El amor por unos colores es una expresión que se utiliza mucho en el mundo del fútbol. Quien más o quien menos es seguidor de un club, algunos incluso socios, y otros ya directamente fanáticos. Otros además tienen el honor de ser los emblemas, leyendas y hasta mitos del club, debido a su dilatada y exitosa trayectoria profesional.
Cuando uno llega a la etiqueta de leyenda o emblema, se le presupone una sensibilidad especial por el club que le hizo llegar a lo más alto. Sin embargo, últimamente algunos han pasado de puntillas sobre este hecho, recurriendo al pragmatismo más capitalista, en busca de unos intereses tan legítimos como sorprendentes.
El primero ha sido Luis Enrique. El técnico asturiano nunca ha ocultado su devoción por el Barcelona, tanto como jugador como técnico, si bien sus colores están enraizados firmemente en el Sporting. En cualquier caso, Lucho siempre ha mostrado un especial feeling con el Barça, desde que dejara el Real Madrid de forma un tanto convulsa, con incidente con fotógrafos incluido. Su momento más álgido lo vivió en los banquillos, cuando fue capaz de levantar el triplete con la ayuda de un tridente ofensivo inmejorable y tras conseguir Xavi reconducir la situación a mitad de temporada con la estrella argentina, Leo Messi.
Pues bien, el bueno de Lucho parece haber aparcado en el baúl de los recuerdos su pasado culé desde que se pusiera al frente de los mandos del PSG. Primero se llevó a Arnau Tenas.

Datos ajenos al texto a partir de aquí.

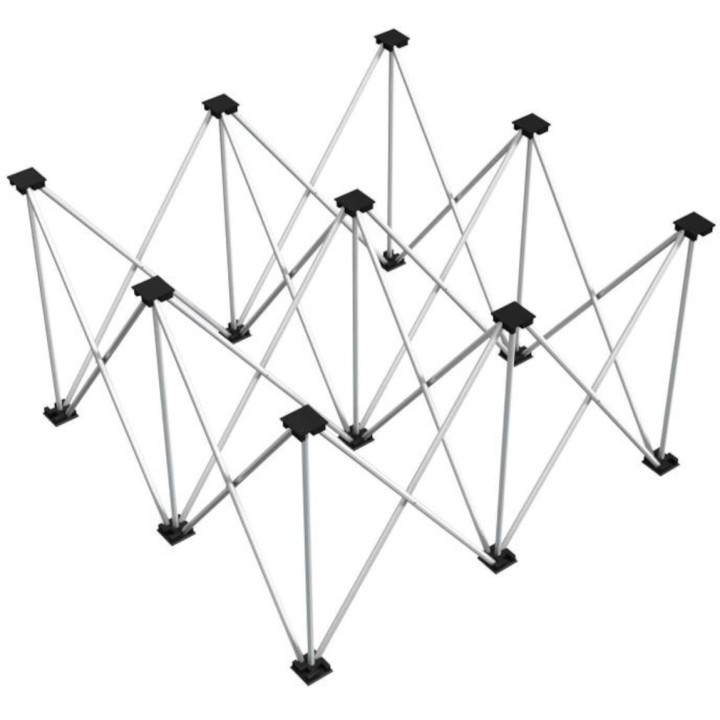 Modula - MODRS2H60 Spider Riser
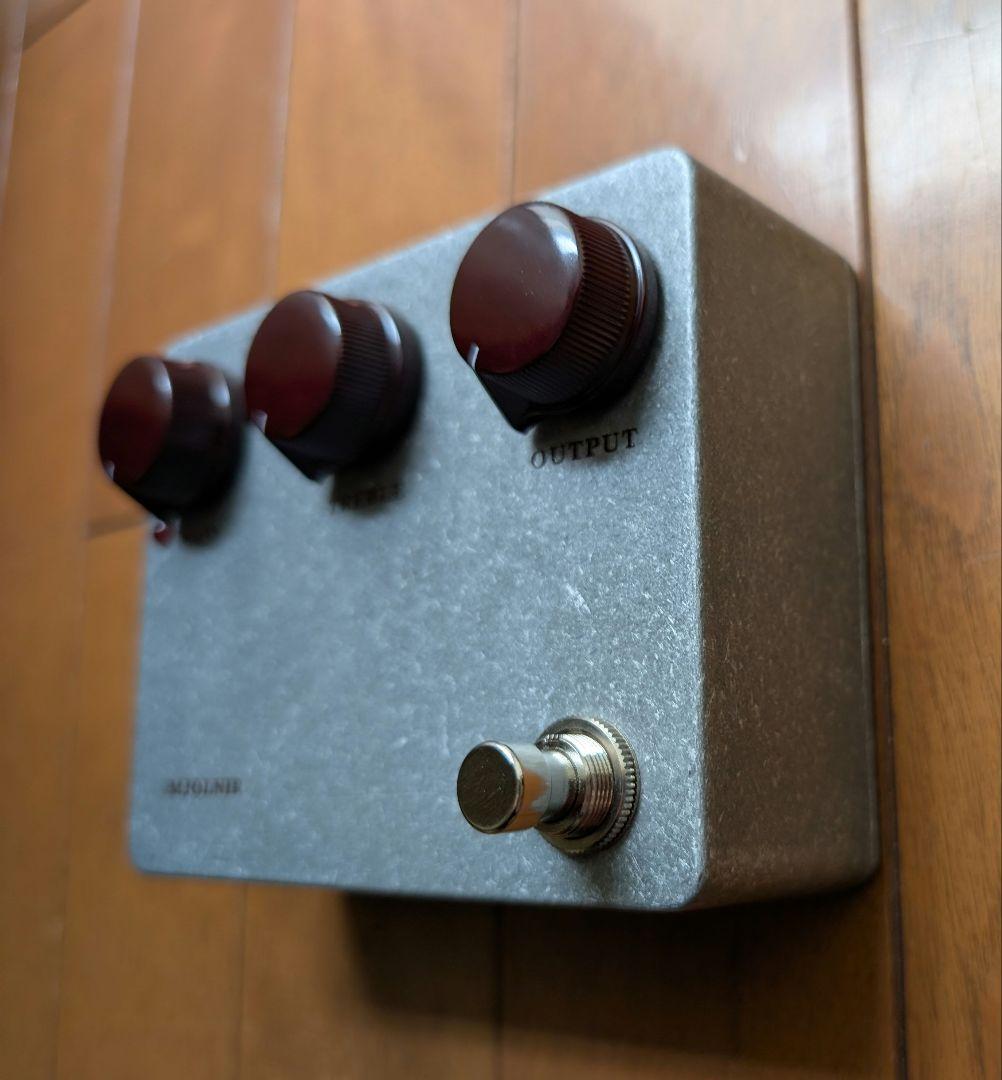 ギター Mythos Pedals Mjolnir Limited Slver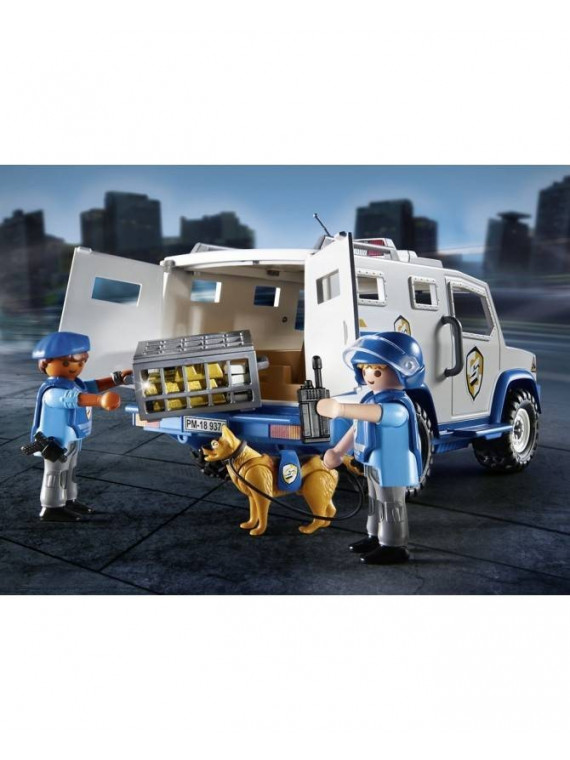 Fourgon blindé playmobil on sale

Una maniobra inteligente, demostrando que estaba al quite de la situación. Xavi intentó retener al portero, pero las exigencias de uno y el dinero de los otros acabaron por sellar su fichaje al club parisino. Después llegó una maniobra más sibilina: el fichaje de Ousmane Dembelé.

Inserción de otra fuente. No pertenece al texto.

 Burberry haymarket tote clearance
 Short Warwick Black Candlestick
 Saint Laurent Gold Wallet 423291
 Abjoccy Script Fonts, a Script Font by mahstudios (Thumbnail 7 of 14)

Aquí, el club francés se aprovechó de los recovecos de una cláusula absurda para acometer el fichaje del delantero francés. El problema es que, con esta maniobra, Lucho era consciente que debilita al Barcelona. Pero no le tembló el pulso al asturiano para levantar el pulgar. Esperemos que, con su enemigo el Real Madrid, sea igual o más inflexible a la hora de gestionar la salida de Kylian Mbappé.
El segundo es Pep Guardiola. El entrenador del City sí que rebosa barcelonismo por todos los costados y nunca duda en hacer apología de sus sentimientos. Sin embargo, una cosa son las palabras y otras los hechos, porque el de Santpedor no ha sido precisamente una hermana de caridad para el club blaugrana: vendió a precio de oro a Ferran Torres, conociendo la necesidad imperiosa de los blaugrana, no permitió que Eric García llegara a mitad de temporada, intentó hasta el último segundo retener a Gundogan, bloqueó la cesión de Cancelo al Barcelona --aquí hay una evidente disparidad de versiones entre lo que le han contado a Xavi y lo que explica el entrenador del Manchester-- y no parece que vaya a tender muchos puentes ante la tentativa blaugrana de llevarse a Bernardo Silva.
Es cierto que también se podría decir que Xavi está intentando 'pescar’ día sí y día también del City, pero la diferencia es palmaria: Xavi no le debe nada al City, ni es aficionado citizen, ni es un mito del club de Manchester. Así pues, en este sentido, no tiene ninguna coartada que filtre ninguna de sus decisiones.
Lo que está claro es que en el mundo del fútbol el romanticismo es una palabra que queda muy bien en los libros y poco más. Aquí impera la ley de la selva y, en la mayoría de los casos, del más fuerte. Ni más ni menos.